Ao fazer isto, ele  colocou em questão a ideologia que está sendo aplicada há várias décadas sobre as universidades brasileiras. É que independente de quem esteve governando o Brasil, essa tem sido a lógica de fundo que vem sendo aplicada, inclusive nas universidades estaduais do Rio de Janeiro.  A partir dessa ideologia é que se justifica a implantação de sistemas de valoração que sobrepõe a produção de múltiplas publicações de um mesmo autor, sem que haja qualquer contribuição ao avanço do conhecimento. Para a ciência, especialmente uma em processo embrionário de desenvolvimento como é o caso da brasileira, não há ameaça maior do que a adoção de uma lógica que privilegia a quantidade sobre a qualidade. E os resultados disso já foram abordados por mim diversas vezes nas postagens sobre a disseminação do que eu convencionei chamar de “trash science“.

Mas, como o professor Nóvoa também mostrou, essa supervalorização da produção de quantidade resulta também no abandono do ensino, já que muitos professores se veem mais como pesquisadores do que educadores.
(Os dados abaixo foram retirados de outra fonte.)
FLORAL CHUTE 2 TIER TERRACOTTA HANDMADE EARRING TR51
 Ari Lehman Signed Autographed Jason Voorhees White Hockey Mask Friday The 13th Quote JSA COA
Ao fazer isso, a presença na sala de aula passa a ser vista como uma coisa onerosa e pouco importante. O problema é que, como foi o caso da Uenf em seu nascedouro, não há nada que dinamize mais a produção científica do que a presença integral dos professores e dos estudantes em ambientes em que eles possam interagir diretamente. 

Outro aspecto importante, e que resulta da aplicação da lógica da ciência enquanto commodity é de que se perde a perspectiva de que nem sempre o conhecimento gerado pode ser aplicado imediatamente ou ser apropriado rapidamente pelo mercado. Esse ponto é especialmente crucial porque é a lógica que vem sendo aplicada no Brasil, e no mundo, de que só são financiadas pesquisas que mostrem sua capacidade de “se vender” para o mercado.   
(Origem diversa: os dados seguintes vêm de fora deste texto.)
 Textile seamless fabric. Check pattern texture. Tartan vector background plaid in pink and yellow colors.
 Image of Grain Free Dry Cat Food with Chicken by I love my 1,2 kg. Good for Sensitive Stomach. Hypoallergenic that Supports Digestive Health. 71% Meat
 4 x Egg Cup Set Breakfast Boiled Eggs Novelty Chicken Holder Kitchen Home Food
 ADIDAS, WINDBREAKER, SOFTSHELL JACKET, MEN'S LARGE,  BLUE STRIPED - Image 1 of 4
Entretanto, o professor Nóvoa mais do que apontar para as deformações existentes, ofereceu uma série de receitas para que as universidades se coloquem no centro das disputas que estão colocadas a partir da retomada do seu papel criador. E aí é que mora o problema, pois aqui mesmo na Uenf vejo que a ideologia de mercado que o professor Nóvoa atacou está bem implantada. Disto decorre o fato inescapável que a atual crise serve, entre outras coisas, para obscurecer a necessidade urgente de que a prevalência das métricas e da submissão à lógica do mercado sejam, pelo menos, seriamente questionadas.
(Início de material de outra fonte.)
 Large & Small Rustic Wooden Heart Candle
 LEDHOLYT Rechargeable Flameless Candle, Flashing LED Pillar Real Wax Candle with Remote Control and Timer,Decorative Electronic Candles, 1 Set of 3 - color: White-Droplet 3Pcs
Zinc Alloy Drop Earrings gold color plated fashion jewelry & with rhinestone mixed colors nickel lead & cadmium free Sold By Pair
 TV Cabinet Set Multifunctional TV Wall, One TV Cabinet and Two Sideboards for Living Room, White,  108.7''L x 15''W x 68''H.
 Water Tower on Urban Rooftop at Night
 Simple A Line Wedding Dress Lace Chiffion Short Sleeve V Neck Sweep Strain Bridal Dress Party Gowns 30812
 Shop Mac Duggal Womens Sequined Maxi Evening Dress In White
Para mim a maior demonstração de que teremos uma dura batalha para ser vencida se quisermos abraçar a visão oferecida pelo professor Nóvoa foi o simples fato dele ter sido aplaudido de pé. É que depois dele simplesmente desmantelar os mitos a que muitos se agarram todos os dias para justificar o funcionamento “normal” da Uenf,  a última coisa que eu esperava era que a maioria da plateia presente o aplaudisse de pé por mais de um minuto. Depois disso, o professor Nóvoa ainda recebeu um tratamento digno de um pop star com direitos a selfies e tudo o que as estrelas têm direito.  Já eu saí de lá com o sentimento de que temos ainda um longo caminho a percorrer para que nossas universidades, a Uenf inclusa, possam atingir o tipo de visão que ele nos ofereceu.  A começar pela responsabilidade pública que precisamos ter com o Brasil e com a cidade de Campos dos Goytacazes.

2 pensamentos sobre “A palestra de António da Nóvoa na Uenf acabou em aplausos de pé. Mas sua mensagem contundente e desafiadora foi entendida?

  1. Rodrigo Rosselini disse:

    Ao relatar o caso português o professor Nóvoa também nos mostrou como é importante ter instituições sólidas na sociedade civil. Apesar da crise econômica e política a universidade, a educação básica e a saúde públicas continuaram a funcionar com qualidade, oodendo contribuir para retirar o país da crise. Por aqui essas instituições estão contaminadas e morrendo por inanição. Enquanto por lá a universidade é vista pelo governo e pelo povo como um patrimônio, por aqui ela é encarada como um fardo pelo primeiro e incompreendida pelo segundo.
    De fato, temos muito o que caminhar nessa luta.